Computational comparisons of dual conjugate gradient algorithms for strictly convex networks

This paper presents a Lagrangian dual conjugate gradient algorithm for solving a variety of nonlinear network problems with strictly convex, differentiable, and separable objective functions. The proposed algorithm belongs to an iterative dual scheme, which converges to a point within a given tolerance-relative residual error. By exploiting the special structure of the network constraints, this approach is able to solve large problems with minimal computer memory requirements because no matrix operations are necessary. An extensive computational study has been carried out using different direction generators, line search procedures, and restart schemes. Two conjugate gradient direction formulas, the Polak–Ribière and the memoryless BFGS, have been compared. In addition, two restart methods – the Beale's restart and the gradient restart – are tested for their effectiveness. A Newton method line search was tested against a bisection line search.
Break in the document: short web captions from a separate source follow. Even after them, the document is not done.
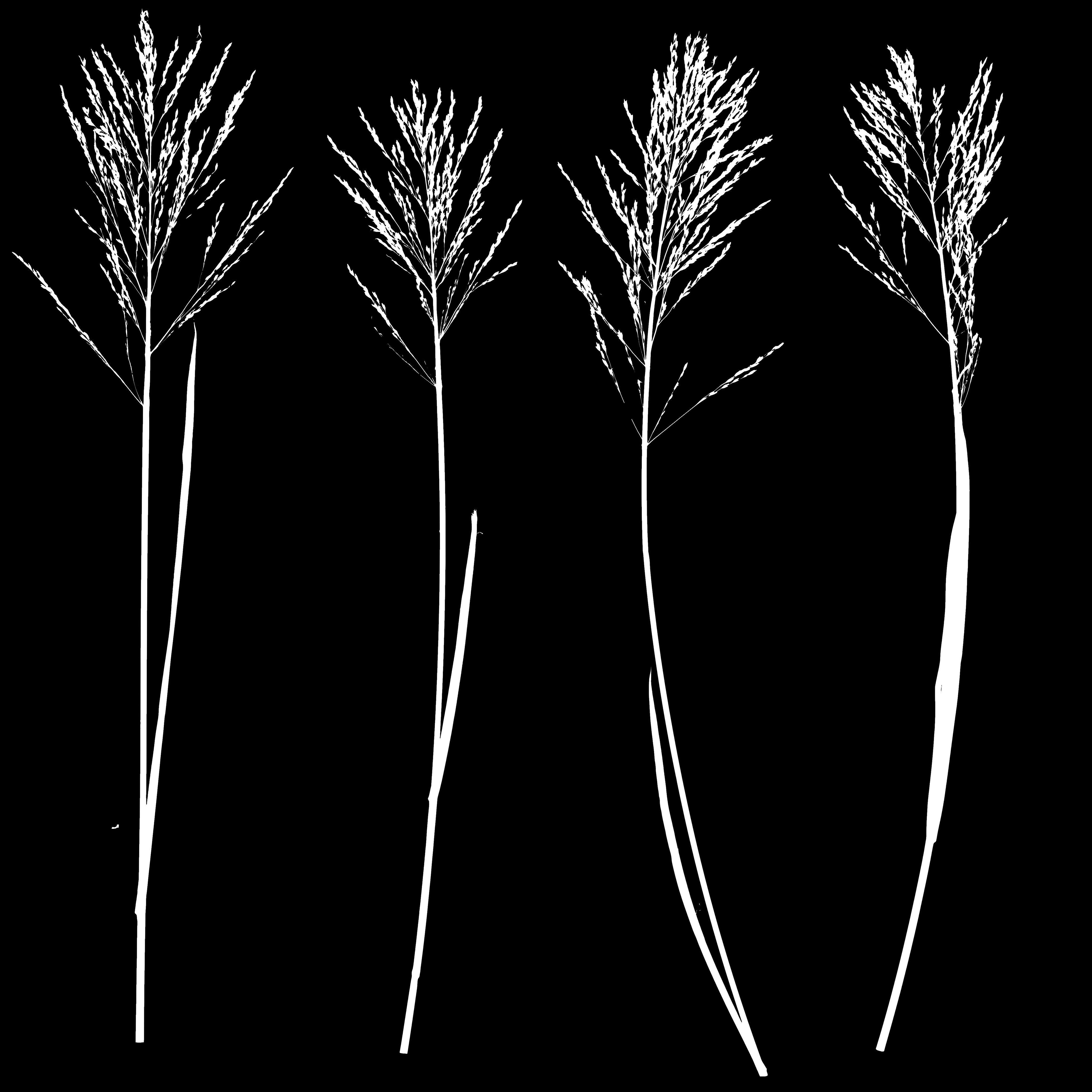 4K Lake Weed Plant Lowpoly Low-poly 3D model_23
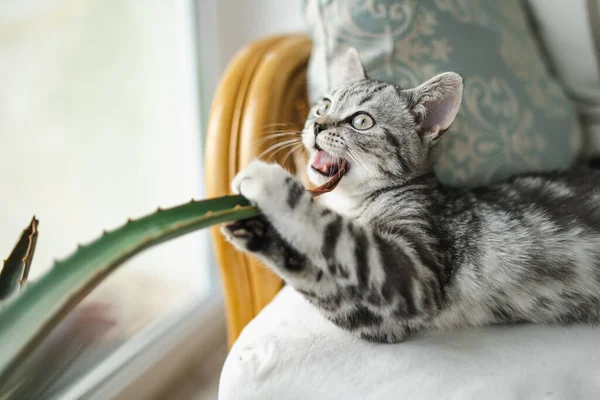 イギリスの短椅子のシルバー タビー キットはリビングルームのソファーで休む 自宅で屋内で時間を過ごす若い家猫 — ストック写真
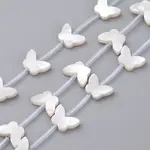 Natural White Shell Mother of Pearl Shell Beads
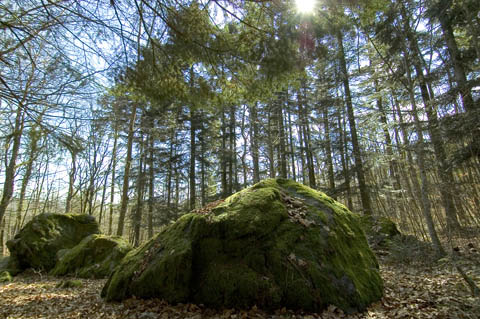 10_cromlech-la-praz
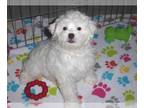 Shih-Poo PUPPY FOR SALE ADN-578749 - ShihPoo Puppy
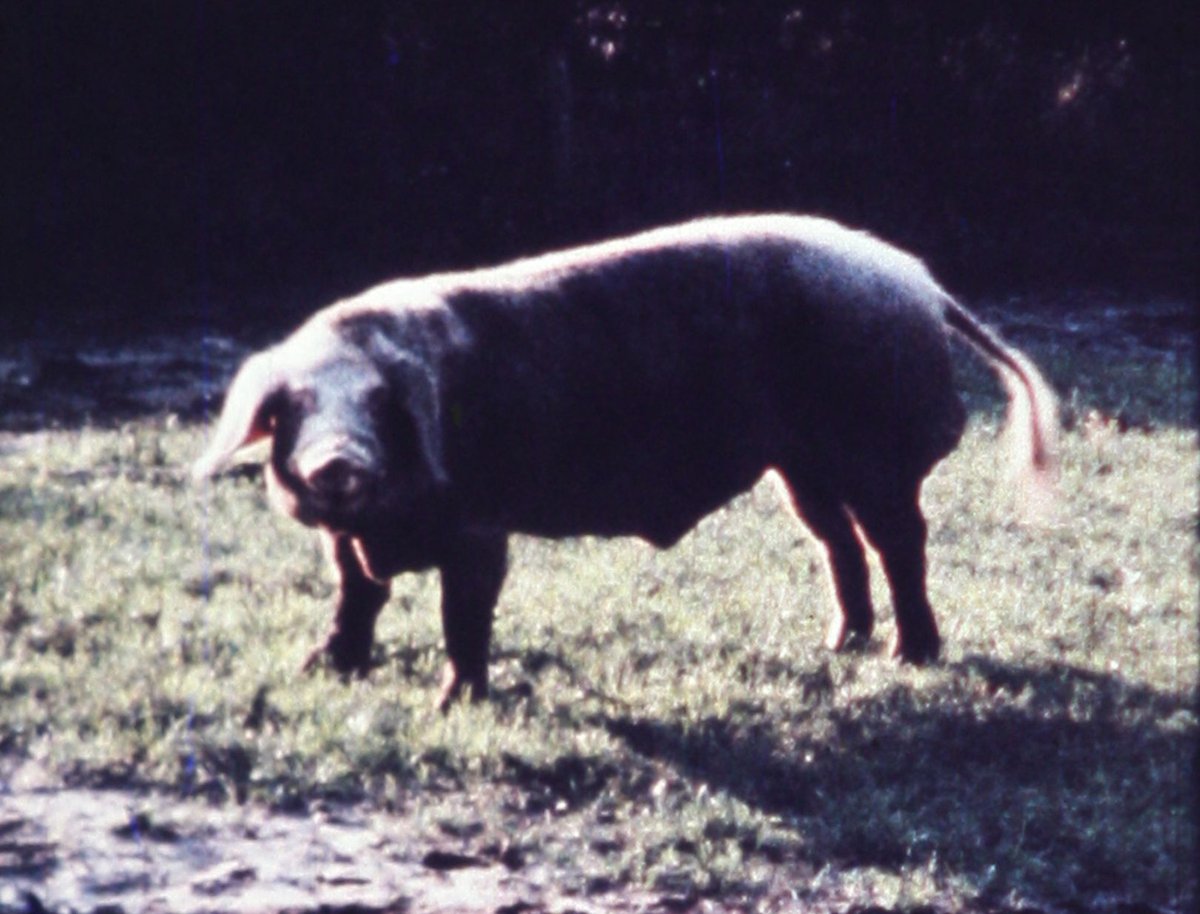 Margaret RaspéSchweineschnitzel (Pork Schnitzel), 1971Super 8 transferred to blu-ray, color, silent00:04:00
Computational comparisons using statistical analysis have also been reported to illustrate the effectiveness of each combination of these procedures. The proposed method works well for network problems with quadratics, entropy, cubic, polynomial, and logarithm types of objective functions. Our computational experiments indicate that the most effective Lagrangian dual algorithm should include the combination of the Polak–Ribière conjugate gradient formula, the Newton line search, and the gradient restart.